Guide To Walter Rudin's Principles, 1.14 (Proof Details)

Proofs - Rudin Principles 1.14

It is useful to read about Abelian groups first. In particular, review inverse and identity elements. Any book on modern or abstract algebra should cover this. In the field of reals $\mathbb{R}$, prove:

1.14.a. if $ x+y = x+z$ then $y=z$
We need to prove $y=z$ under the condition given. Rudin starts with $y=y$ (although not shown in the text) $$ \begin{array}{l c} y = y & \\ y = 0+y & additive \ \ identity\\ y = (x-x) +y & additive \ \ inverse\\ y = x - (x+y) & associative \ \ property\\ y = x - (x+z) & equation \ \ given \ \ (substitute \ \ x+y = x+z )\\ y = (x - x)+z & associative \\ y = 0 + z & additive \ \ inverse \\ y=z \end{array} $$ 1.14.b. if $ x+y = x$ then $y=0$
Note: this proof asserts uniqueness of the additive identity element.

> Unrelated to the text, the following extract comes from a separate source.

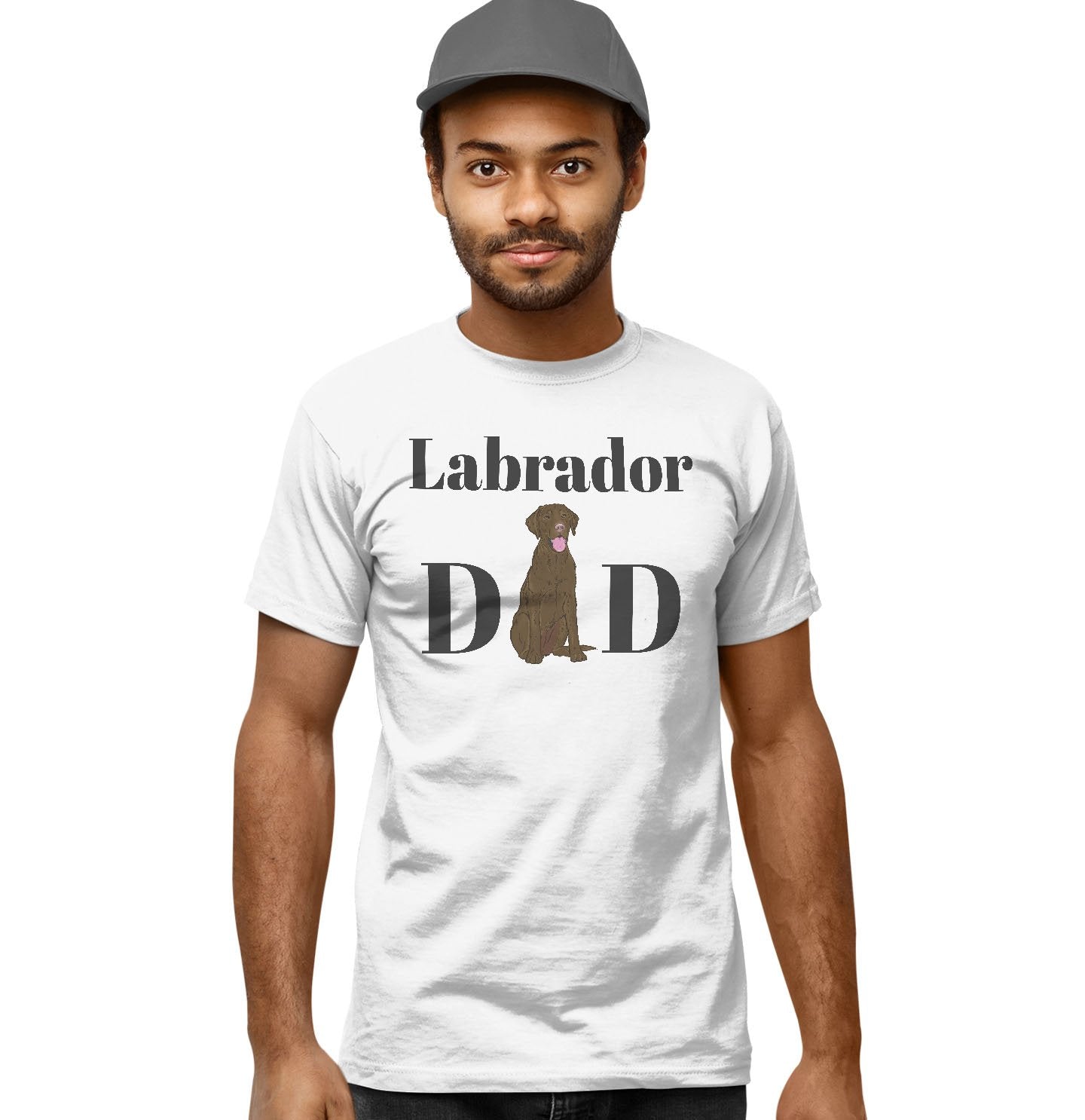 Chocolate Labrador Dad Illustration - Adult Unisex T-Shirt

Why can we not substitute $y=0$ right away? We would get $x+0=x$ and prove $x=x$.
Rudin says substitute $z=0$ in 1.14.a and follow the same path. So starting with $y=y$ $$ \begin{array}{l c} y = y & \\ y = y + 0 & additive \ \ identity\\ y = y + (x - x) & \\ y = (y + x) - x & \\ y = x-x & substitute \ \ x+y = x\\ y=0 \end{array} $$ 1.14.c. if $ x+y = 0$ then $y=-x$
$$ \begin{array}{l c} y = y & \\ y = y + 0 & additive \ \ identity\\ y = y + (x - x) & \\ y = 0 -x & substitute \ \ x+y = 0\\ y = -x & \end{array} $$ 1.14.d: prove $-(-x)=x$
Rudin says start with (1.14.c) and put $-x$ where $x$ is:
if $ -x+y = 0$ then $y=-(-x)$ but we interpret this as ($y=x$)

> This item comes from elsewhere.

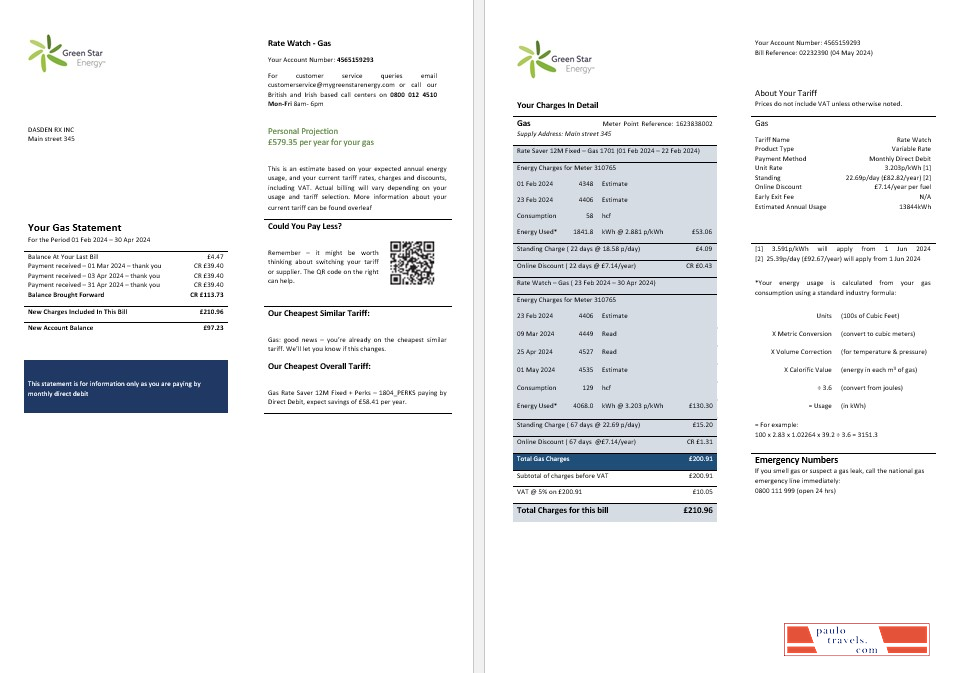 United Kingdom Green Star Energy energy business utility bill Word and PDF formats, 3 pages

if $-x + x = 0 $ then $x = -(-x)$
Additive inverse definition is $x + (-x) = 0 $ and putting $-x$ for each $x$ we get $-x + (-(-x)) = 0 $
$$ \begin{array}{l c} x = x & \\ x = x + 0 & additive \ identity \ x + 0 = x\\ x = x + (-x) - (-x) & additive \ inverse \ (-x) + (- (-x)) = 0\\ x = (x + (-x)) - (-x) & associativity \\ x = 0 - (-x) & additive \ inverse \ x + (-x) = 0 \\ x = -(-x) \end{array} $$